Você está na página 1de 4

Tahap Pembuatan Estimasi Secara Detail

ESTIMASI DETAIL SECARA UMUM

Karena kegiatan estimasi merupakan salah satu proses utama dalam sebuah proyek guna
mengetahui berapa besar dana yang harus dikeluarkan dalam sebuah proyek dan merupakan dasar
membuat sistem pembiayaan, maka kegiatan estimasi harus dibuat secara detail.

Tujuan utama pembuatan estimasi secara detail adalah untuk pengadaan pekerjaan/proyek dan
sebagai dasar untuk evaluasi dan pengendalian proyek. Pada umumnya, sebagai langkah
pengendalian dalam proyek, dilakukan perbandingan "apa yang terjadi" dengan "apa yang
seharusnya terjadi". Dalam hal ini untuk melihat kemajuan sebuah proyek akan dibandingkan antara
biaya yang telah dikeluarkan dengan rencana anggaran yang ditetapkan.

Berikut ini merupakan tahapan dalam membangun estimasi secara rinci, yaitu :

Melakukan perhitungan volume berbagai material yang akan digunakan dalam pelaksanaan
proyek.

Proses pemberian nilai, dimana pada tahap ini estimator menghitung estimasi biaya
material, tenaga kerja, subkontrak, peralatan, dan lain-lain.

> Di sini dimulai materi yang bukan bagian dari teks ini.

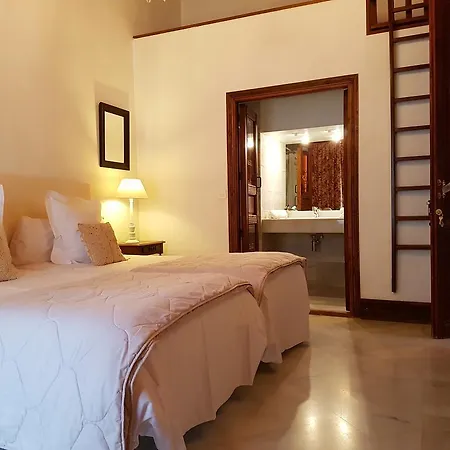 Palacio Del Cobertizo De Santa Ines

Tahap rekapitulasi, merupakan ringkasan estimasi sesuai urutan pekerjaan, berfungsi untuk
menghitung berbagai biaya overhead seperti pajak, asuransi dan jaminan. Tahap ini
merupakan gambaran umum dari hasil estimasi.

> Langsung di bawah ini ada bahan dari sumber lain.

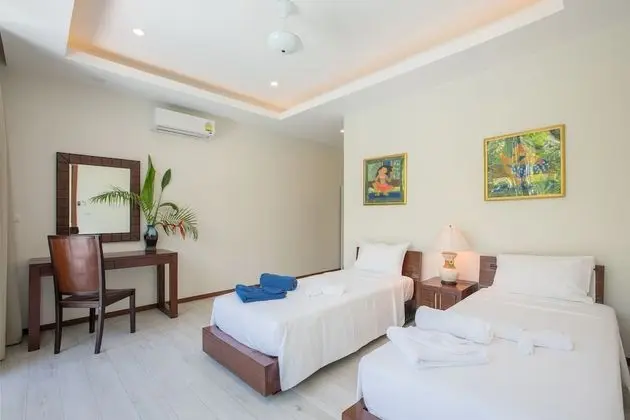 4 Bedrooms with Private Pool Villa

TAHAP-TAHAP PEMBUATAN ESTIMASI SECARA DETAIL

Tahap-tahap yang perlu dilakukan untuk membuat estimasi secara detail adalah :

Akuisisi Dokumen Kontrak

Kontraktor perlu memiliki dokumen kontrak penawaran.

Kaji Ulang Dokumen dan Keadaan Proyek

Dokumen yang ada perlu dikaji ulang untuk mengetahui tanggal penawaran, persyaratan
kesempatan yang sama untuk tenaga kerja, persyaratan standar, gaji, jadwal, alternatif, kontrak, dan
lainnya. Informasi umum mengenai proyek umumnya terdiri atas keadaan proyek, kunjungan ke
lapangan, kondisi internal (sumber daya), dan kondisi eksternal (kondisi luar yang dapat
mempengaruhi proyek).

Menghadiri Rapat Penjelasan

Rapat penjelasan merupakan kesempatan baik bagi kontraktor untuk meminta klarifikasi mengenai
hal-hal yang kurang jelas, atau alternatif - alternatif pekerjaan.
Menentukan Saat Membuat Penawaran

Keputusan untuk membuat (atau tidak) penawaran atas proyek didasarkan pada kenyataan-
kenyataan yang dikumpulkan oleh estimator, analisis resiko dan apakah proyek tersebut sesuai
dengan rencana strategis perusahaan.

Pertimbangan Strategi Penawaran

Teknik yang dipakai dalam strategi penawaran dapat terdiri atas metode konstruksi yang lebih baik,
pengetahuan atas saingan lain, pengetahuan akan kebutuhan pemilik proyek, keberhasilan dalam
proyek sejenis, dan pengalaman dalam membangun proyek berkualitas secara aman.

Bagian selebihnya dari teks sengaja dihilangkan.